By Emily Atkin - Think Progress, April 30, 2014

Disclaimer: The views expressed here are not the official position of the IWW (or even the IWW’s EUC) and do not necessarily represent the views of anyone but the author’s.

A large pipe attached to a BP-owned well pad on Alaska’s North Slope has sprayed an oily mist of natural gas, crude oil, and water over an area of tundra larger than 20 football fields, state officials confirmed Wednesday.

The discovery at BP’s Prudhoe Bay oil field operation comes one week after federal scientists released a report warning that the United States is woefully unprepared to handle oil spills in the Arctic.

A statement provided by the Alaska Department of Environmental Conservation (DEC) said BP discovered the release on Monday during routine inspections, and that the spray was active for about two hours before it was contained. The pipe spewing the gas mixture was facing upwards while strong 30 mph winds blew, which ultimately caused the spray to spread over 27 acres.

It is unclear at this point how much of the mixture was released, the DEC statement said.

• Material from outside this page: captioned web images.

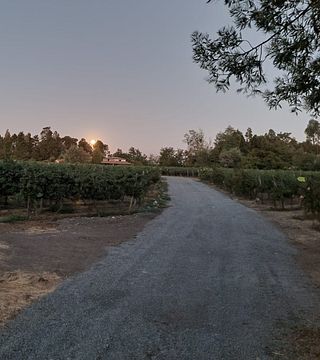 Casa Mesa Bozzolo Winery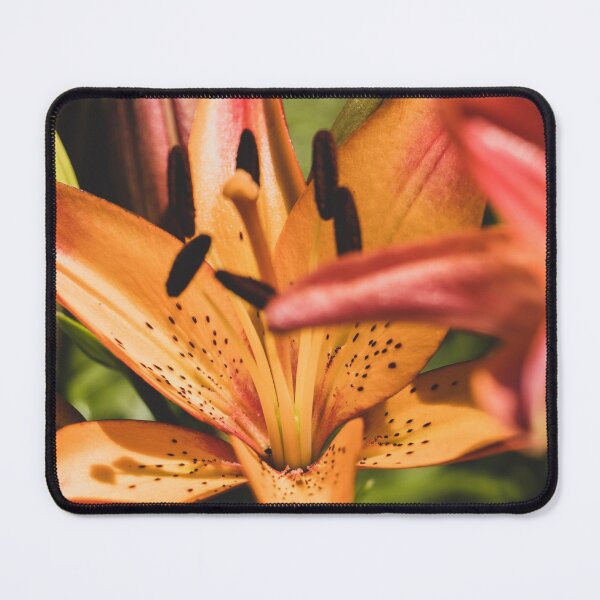 Item preview, Asiatic Lily Flower designed and sold by PaulinaChmiel.
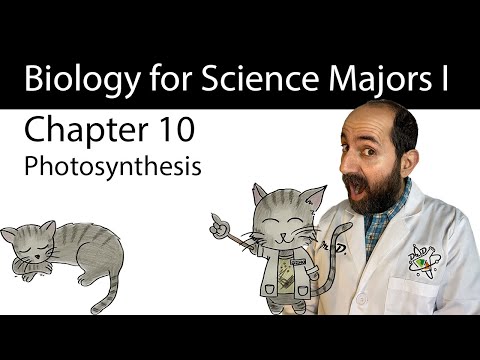 Chapter 10 - Photosynthesis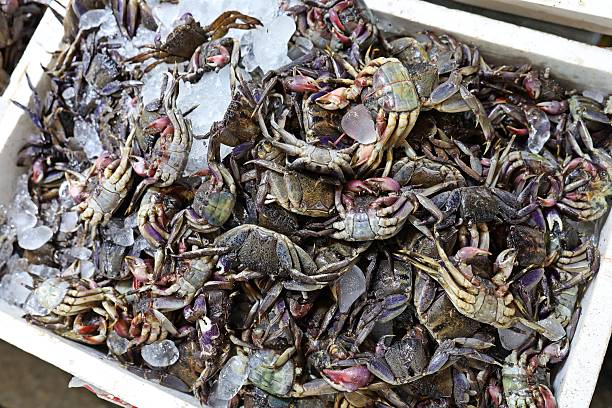 Ricefield Crabs in fresh market.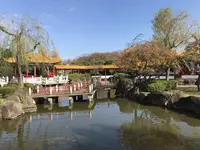 大師公園の写真・動画_image_238679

A spokesperson for BP did not immediately return ThinkProgress’ request for comment Wednesday about its cleanup effort, but spokesperson Dawn Patience told the Associated Press that it is “still assessing repairs.” Patience reportedly said it was too soon to determine long-term impacts from the release, but that no wildlife were impacted.

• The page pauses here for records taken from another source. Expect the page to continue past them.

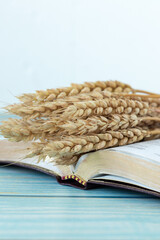 Wheat and holy bible book on wooden table with white background. Copy space. Close-up. Spiritual food and harvest, Christian biblical concept.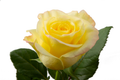 Bella Donna Rose, wholesale yellow roses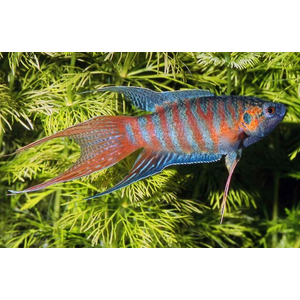 МАКРОПОД - Macropodus opercularis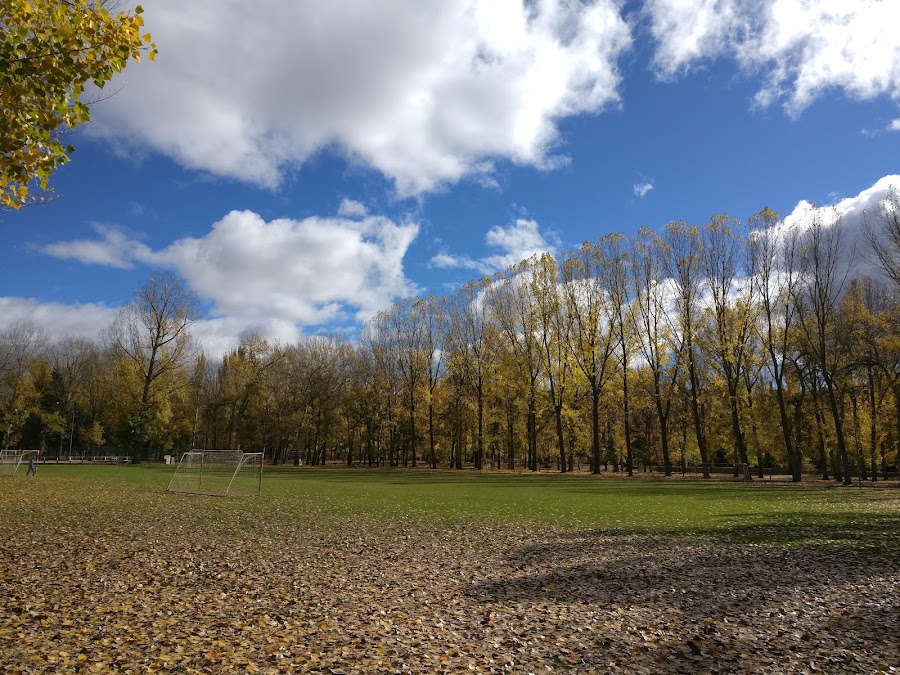 Polideportivo de La Arboleda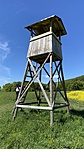 IMG_9681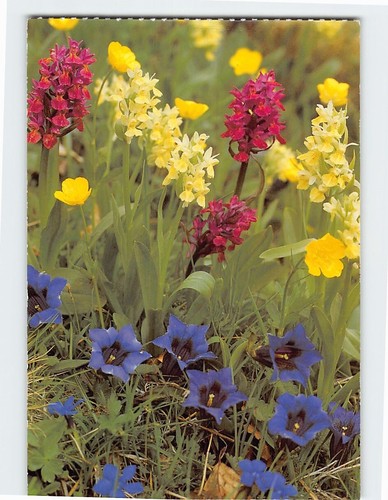 Fiori alpini 15159 - fiori, g-15159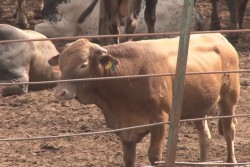 Verifican traslado de ganado vacuno desde corrales hasta los rastros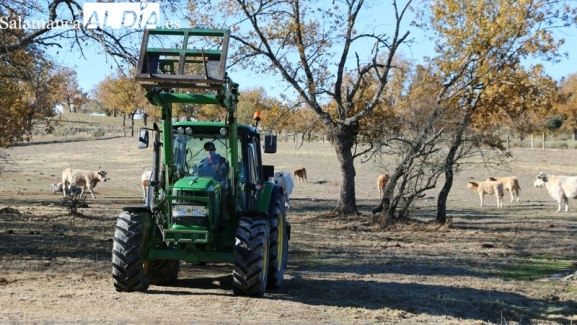 La Junta anticipa en diciembre 36,2 millones de ayudas de la PAC a agricultores y ganaderos salmantinos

Federal scientists from the National Research Council recently confirmed the difficulty of cleaning up spills in the Arctic. According to their 198-page report, the Arctic’s environment is uniquely challenging due to pockets of oil that get trapped under freezing ice, sealing it beyond the reach of traditional cleanup equipment. The Arctic also lacks a variety of infrastructure, including paved roads, which could make response time exponentially longer than typical spills.

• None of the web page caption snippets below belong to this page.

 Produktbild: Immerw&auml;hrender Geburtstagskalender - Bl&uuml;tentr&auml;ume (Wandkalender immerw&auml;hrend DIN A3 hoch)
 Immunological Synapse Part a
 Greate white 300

The Prudhoe Bay has experienced oil spills at the hands of BP before. In 2006, approximately 267,000 gallons of oil spilled from a quarter-inch hole corroded in a BP-owned pipeline, the largest spill in the region’s history at the time.

Like the recent incident, BP officials were not aware of the 2006 spill when it began. That spill went undetected for five days until a field worker smelled crude oil while driving through the area.

BP also spilled about 13,500 gallons of oil near Prudhoe Bay in November 2009, when a section of the company’s pipeline at its Lisburne Processing Center ruptured. That rupture created a two-foot hole in the pipe which allowed oil to spill onto the tundra and surrounding wetlands.

At the time, the U.S. government chalked both incidents up to irresponsibility on BP’s part, seeking multi-million dollar fines for the offenses.

“This [2009] rupture was the result of a predictable and preventable freezing of produced water within the pipeline that caused the pipe to over-pressurize and burst,” the government said in a lawsuit over the 2009 spill. “Eerily similar to the 2006 spill, BP ignored alarms that warned of the pipe’s eventual rupture and leak.”

According to BP’s website, the company is currently undertaking a plan to restore the areas affected by the 2009 spill.